For many small business owners, just the thought of tax preparation can seem daunting. However, following these four guidelines will make the whole process much simpler.

1. ORGANIZATION IS KEY

Paperwork is overwhelming for many business owners, so managing it is the best place to start. Here’s what you’ll need:

File Folders: No longer do your files need to be boring, drab or beige. Today, there is a lovely array of colors to choose from, making this task more enjoyable. Try color coordinating your file folders by category: banks, customers, vendors, and tax documents. It may sound silly, but this really does simplify handling all your paperwork.
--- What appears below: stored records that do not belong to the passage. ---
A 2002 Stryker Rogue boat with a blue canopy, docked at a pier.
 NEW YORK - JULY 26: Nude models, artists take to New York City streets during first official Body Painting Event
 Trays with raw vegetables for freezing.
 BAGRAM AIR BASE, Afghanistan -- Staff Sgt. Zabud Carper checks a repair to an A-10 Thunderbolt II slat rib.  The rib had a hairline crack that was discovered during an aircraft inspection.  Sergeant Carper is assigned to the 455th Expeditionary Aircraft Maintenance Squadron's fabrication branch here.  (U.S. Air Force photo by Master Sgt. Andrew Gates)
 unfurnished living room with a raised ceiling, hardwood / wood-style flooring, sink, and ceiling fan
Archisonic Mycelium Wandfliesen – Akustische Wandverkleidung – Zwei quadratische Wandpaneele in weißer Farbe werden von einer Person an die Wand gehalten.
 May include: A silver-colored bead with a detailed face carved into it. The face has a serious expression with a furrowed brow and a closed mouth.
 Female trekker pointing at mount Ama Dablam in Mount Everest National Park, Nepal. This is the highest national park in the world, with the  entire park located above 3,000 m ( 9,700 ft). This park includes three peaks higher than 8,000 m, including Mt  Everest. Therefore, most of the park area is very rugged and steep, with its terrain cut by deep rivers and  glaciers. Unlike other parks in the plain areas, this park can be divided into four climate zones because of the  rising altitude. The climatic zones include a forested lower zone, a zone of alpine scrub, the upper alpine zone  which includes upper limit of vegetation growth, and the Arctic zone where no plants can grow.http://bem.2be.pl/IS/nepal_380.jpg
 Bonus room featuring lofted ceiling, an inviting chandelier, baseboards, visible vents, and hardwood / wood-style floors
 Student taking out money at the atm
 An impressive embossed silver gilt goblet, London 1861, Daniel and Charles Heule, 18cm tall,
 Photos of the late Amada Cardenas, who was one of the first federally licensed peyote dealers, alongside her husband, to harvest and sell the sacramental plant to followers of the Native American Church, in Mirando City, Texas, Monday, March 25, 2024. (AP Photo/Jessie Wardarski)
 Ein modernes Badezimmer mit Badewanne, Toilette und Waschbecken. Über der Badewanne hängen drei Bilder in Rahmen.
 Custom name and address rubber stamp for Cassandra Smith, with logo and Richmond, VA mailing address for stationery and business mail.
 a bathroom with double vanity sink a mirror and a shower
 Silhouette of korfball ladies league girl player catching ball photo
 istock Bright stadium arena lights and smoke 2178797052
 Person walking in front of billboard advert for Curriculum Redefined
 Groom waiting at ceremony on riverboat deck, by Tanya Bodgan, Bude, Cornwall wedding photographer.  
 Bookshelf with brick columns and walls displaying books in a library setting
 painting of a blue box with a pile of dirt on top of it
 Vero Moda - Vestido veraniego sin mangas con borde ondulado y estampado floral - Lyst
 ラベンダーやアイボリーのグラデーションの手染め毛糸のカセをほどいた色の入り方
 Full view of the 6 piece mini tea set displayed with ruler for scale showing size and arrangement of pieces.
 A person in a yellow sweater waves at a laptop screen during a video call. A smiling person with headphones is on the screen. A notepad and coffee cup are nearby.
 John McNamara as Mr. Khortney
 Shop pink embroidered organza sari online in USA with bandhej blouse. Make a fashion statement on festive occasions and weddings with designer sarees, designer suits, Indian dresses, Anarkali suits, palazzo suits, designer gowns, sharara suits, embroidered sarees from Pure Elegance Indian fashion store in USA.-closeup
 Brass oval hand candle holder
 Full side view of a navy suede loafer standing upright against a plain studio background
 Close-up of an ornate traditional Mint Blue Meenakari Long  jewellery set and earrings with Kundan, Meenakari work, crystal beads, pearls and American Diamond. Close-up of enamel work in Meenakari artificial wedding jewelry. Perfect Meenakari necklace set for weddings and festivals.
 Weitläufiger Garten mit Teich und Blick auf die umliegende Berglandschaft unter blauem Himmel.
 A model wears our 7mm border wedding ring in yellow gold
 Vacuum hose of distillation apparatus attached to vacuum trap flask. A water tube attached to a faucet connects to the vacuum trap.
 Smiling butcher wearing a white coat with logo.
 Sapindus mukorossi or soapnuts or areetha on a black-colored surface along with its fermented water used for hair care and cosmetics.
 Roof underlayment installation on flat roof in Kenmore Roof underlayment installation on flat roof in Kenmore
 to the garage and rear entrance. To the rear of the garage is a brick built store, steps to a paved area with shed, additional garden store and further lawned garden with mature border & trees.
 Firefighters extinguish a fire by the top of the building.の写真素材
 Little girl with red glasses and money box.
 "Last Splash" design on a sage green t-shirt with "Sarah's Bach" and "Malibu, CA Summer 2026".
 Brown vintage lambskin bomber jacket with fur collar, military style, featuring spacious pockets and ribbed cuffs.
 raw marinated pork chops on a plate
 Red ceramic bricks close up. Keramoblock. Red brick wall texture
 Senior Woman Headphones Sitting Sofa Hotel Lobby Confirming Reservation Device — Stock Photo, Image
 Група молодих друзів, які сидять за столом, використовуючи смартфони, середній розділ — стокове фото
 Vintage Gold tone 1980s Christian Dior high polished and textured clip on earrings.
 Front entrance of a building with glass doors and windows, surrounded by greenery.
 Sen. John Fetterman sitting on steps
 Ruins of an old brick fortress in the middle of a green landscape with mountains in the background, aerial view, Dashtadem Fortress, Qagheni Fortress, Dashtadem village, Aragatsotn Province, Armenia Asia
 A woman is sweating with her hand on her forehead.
Receipts: Purchase an expandable, 12-pocket, wallet-sized file folder—this size and shape works perfectly for receipts. It also provides one pocket per month of the year to keep everything in one place.

Consistency: Schedule a specific time and day each week to enter receipts, pay bills, and deposit checks. Then once a month, take the time to reconcile bank and credit card statements. Too often I have found clients that skip this step for months or even years, making the job much more challenging than it needs to be. If record keeping is difficult for you, consider outsourcing these tasks to a knowledgeable bookkeeper.

2. ASK THE RIGHT QUESTIONS

With your day-to-day finances in order let’s move on to gathering the additional information needed to file your taxes correctly. As a financial controller, I have come across a multitude of different scenarios. With this in mind, I’ve compiled a list of important questions to ask yourself when reviewing your books from 2017.

 

1. Were any business purchases commingled with personal funds?

It is often easy to pay for a business purchase with personal funds, or vice versa. To avoid this issue, I suggest having separate business bank accounts and credit cards.

2. Have all bank accounts been reconciled?

This includes petty cash, checking, savings, credit cards, and loans.

3. Is there any “Bad Debt” that needs to be written off?

Sometimes in business we are unable to collect for services rendered. The customer may have gone bankrupt, moved, or just refused to pay.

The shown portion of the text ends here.